The Fourth Circuit Weighs in on Miller-Montgomery "Juvenile Lifer" Issues
The Fourth Circuit recently issued an opinion in Malvo v. Mathena, dealing with Miller v. Montgomery "juvenile lifer” issues that are highly relevant to the cases currently pending before the Maryland Court of Appeals. Miller v. Alabama, 567 U.S. 460 (2012) and Montgomery v. Louisiana, 136 S.Ct. 718 (2016) were two related Supreme Court cases, which together held that life without parole sentences are unconstitutional for all but the rare juvenile offender.
For “juvenile lifers” in Maryland, the most important piece of the Fourth Circuit’s Malvo decision is the explanation for its holding that Miller and Montgomery are not limited to mandatory life without parole sentences, but rather, apply to life (without parole) sentences that are imposed discretionarily as well.

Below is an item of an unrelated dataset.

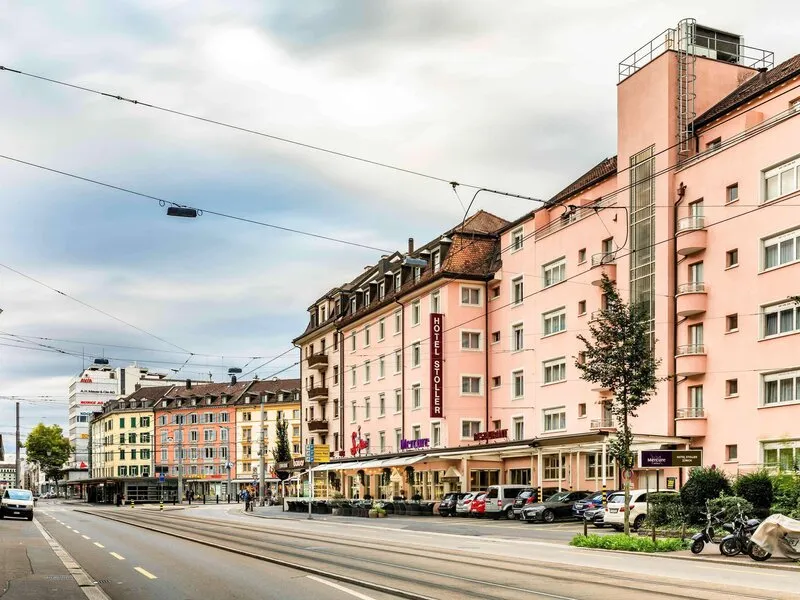 Mercure Stoller · Anbieterbild von TUI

In so finding, the Fourth Circuit explained that a sentencing judge violates Miller’s rule anytime it imposes a discretionary life-without-parole sentence on a juvenile homicide offender without first concluding that the offender’s crimes reflect permanent incorrigibility. This holding is paramount to the cases pending before the Maryland Court of Appeals because it strengthens the argument that a juvenile offender has a substantive right not to be incarcerated for life unless first found to be permanently incorrigible.
The Malvo decision further explained that even where mitigating evidence of youth has been considered, if the sentencer was never explicitly charged with finding whether the defendant’s crimes reflected irreparable corruption or permanent incorrigibility, a decision to impose life (without parole) fails to satisfy Miller and Montgomery. Pursuant to this reasoning, a pre-Miller (i.e. pre-2012) sentencer’s consideration of the juvenile offender’s age would likely not satisfy the current constitutional standards prerequisite to sentencing a juvenile to a lifetime in prison.
Based on Malvo and other defendant-friendly Miller-Montgomery decisions from jurisdictions around the country, we eagerly await the decisions from the Maryland Court of Appeals, which are scheduled to be issued before the end of the August, 2018 term.